I liken this to the verse above. I have to trust God for the things I can't see. It reminds me that He is in control.  When I trust Jesus for the things I can't see the evidence of our relationship is faith. God has been placing surprises in the lives of those I love lately. Some good, some not so good, some great. We have to trust in Him to do the miraculous. Have faith in the unseen.


A song by Delirious?, Deeper, starts off by singing, "I wanna go deeper, But I don’t know how to swimI wanna be meeker, But have you seen this old Earth?, I wanna fly higher, But these arms won’t take me there"...then by the time we reach the bridge the singer realizes it is not in his power, "It’s time to walk the path where many seem to fall, Hold me in your arms, Just like any father would, How long do we have to wait?, How long?" The voice realizes that his own strength will only take him so far, God must do the rest.


So, how long do we have to wait?
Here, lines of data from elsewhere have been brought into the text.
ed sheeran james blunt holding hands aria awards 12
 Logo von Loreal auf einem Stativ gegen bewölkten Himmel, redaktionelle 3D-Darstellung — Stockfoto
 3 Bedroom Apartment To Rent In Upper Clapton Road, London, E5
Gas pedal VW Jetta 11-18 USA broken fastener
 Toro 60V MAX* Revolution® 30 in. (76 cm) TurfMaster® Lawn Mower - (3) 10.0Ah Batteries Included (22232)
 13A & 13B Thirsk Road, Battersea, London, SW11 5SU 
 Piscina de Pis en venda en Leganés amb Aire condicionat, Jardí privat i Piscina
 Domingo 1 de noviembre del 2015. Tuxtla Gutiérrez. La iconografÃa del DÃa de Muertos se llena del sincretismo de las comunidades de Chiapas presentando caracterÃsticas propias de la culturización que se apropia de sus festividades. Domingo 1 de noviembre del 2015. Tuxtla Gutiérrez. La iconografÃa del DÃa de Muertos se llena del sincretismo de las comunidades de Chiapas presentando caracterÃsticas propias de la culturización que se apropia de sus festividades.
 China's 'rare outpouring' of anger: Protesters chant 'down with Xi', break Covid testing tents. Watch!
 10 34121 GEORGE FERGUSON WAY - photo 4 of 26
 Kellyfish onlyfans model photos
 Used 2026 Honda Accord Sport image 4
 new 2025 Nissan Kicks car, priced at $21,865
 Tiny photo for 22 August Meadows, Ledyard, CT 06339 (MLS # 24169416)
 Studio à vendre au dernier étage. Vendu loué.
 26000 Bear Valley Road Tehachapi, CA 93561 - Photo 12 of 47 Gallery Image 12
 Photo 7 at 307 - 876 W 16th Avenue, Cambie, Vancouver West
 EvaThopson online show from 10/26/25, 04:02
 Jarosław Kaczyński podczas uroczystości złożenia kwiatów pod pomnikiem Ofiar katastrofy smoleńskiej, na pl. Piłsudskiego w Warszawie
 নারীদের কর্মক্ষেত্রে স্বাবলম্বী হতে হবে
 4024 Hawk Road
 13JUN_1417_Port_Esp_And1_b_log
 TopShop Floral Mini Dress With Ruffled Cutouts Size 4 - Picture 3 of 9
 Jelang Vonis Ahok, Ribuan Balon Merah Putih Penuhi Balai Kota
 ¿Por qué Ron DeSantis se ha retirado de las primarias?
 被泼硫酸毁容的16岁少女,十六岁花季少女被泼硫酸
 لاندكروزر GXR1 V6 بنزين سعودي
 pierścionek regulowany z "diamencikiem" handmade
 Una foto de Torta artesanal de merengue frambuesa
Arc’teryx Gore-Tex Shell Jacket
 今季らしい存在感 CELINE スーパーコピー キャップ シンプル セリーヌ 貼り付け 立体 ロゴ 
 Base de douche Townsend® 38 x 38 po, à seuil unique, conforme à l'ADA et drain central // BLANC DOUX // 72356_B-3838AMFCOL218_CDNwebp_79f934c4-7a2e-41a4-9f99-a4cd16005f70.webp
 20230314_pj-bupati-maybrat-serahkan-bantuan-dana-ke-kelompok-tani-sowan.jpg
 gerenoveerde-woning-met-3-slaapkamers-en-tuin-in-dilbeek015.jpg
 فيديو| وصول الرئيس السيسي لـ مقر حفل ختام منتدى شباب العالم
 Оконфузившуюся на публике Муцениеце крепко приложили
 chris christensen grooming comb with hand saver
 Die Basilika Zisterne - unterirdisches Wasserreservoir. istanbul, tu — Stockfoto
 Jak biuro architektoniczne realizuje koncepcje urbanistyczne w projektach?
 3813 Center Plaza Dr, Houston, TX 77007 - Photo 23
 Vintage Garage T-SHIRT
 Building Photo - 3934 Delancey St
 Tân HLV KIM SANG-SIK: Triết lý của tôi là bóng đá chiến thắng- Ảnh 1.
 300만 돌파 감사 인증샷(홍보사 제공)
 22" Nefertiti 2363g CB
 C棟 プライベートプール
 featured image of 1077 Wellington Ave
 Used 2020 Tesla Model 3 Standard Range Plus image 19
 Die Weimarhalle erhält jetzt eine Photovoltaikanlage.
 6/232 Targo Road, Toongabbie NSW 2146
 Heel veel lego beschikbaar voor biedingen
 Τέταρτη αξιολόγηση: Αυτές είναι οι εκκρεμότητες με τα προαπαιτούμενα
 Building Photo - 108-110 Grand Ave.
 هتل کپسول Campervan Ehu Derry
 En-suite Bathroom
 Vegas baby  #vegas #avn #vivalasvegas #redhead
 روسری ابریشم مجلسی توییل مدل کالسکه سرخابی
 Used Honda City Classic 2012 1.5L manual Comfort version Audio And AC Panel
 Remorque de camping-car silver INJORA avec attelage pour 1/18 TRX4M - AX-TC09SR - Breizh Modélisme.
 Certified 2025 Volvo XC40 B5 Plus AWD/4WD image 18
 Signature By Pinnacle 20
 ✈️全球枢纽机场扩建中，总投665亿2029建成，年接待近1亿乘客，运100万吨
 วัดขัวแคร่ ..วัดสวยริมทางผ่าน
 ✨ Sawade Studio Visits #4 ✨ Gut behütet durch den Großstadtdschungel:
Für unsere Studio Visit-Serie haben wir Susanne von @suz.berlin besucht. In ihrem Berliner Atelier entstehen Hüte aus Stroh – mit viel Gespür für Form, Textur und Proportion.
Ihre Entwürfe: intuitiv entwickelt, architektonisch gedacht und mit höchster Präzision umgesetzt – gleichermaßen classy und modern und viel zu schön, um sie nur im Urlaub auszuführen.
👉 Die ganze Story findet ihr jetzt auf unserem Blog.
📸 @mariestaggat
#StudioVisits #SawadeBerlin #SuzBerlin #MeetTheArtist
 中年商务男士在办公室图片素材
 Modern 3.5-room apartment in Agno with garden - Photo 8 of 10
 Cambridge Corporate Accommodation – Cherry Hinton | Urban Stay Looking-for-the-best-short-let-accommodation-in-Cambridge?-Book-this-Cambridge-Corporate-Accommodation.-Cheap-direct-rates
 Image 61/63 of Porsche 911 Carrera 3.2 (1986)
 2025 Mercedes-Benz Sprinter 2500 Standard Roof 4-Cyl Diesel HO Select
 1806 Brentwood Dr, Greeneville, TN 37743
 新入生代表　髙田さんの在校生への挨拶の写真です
For the things unseen, for unanswered prayers, for good testimony?Maybe years...but it also could be 15 minutes. Sometimes the future seems too far, but I can handle that God will be with me in the next 15 minutes and the next 15 after that.




-Aside: Although they are no longer touring, I have seen Delirious? live and when I think about how empowering their music was in that moment, it still brings me chills. I hope you enjoy the song as much as I do.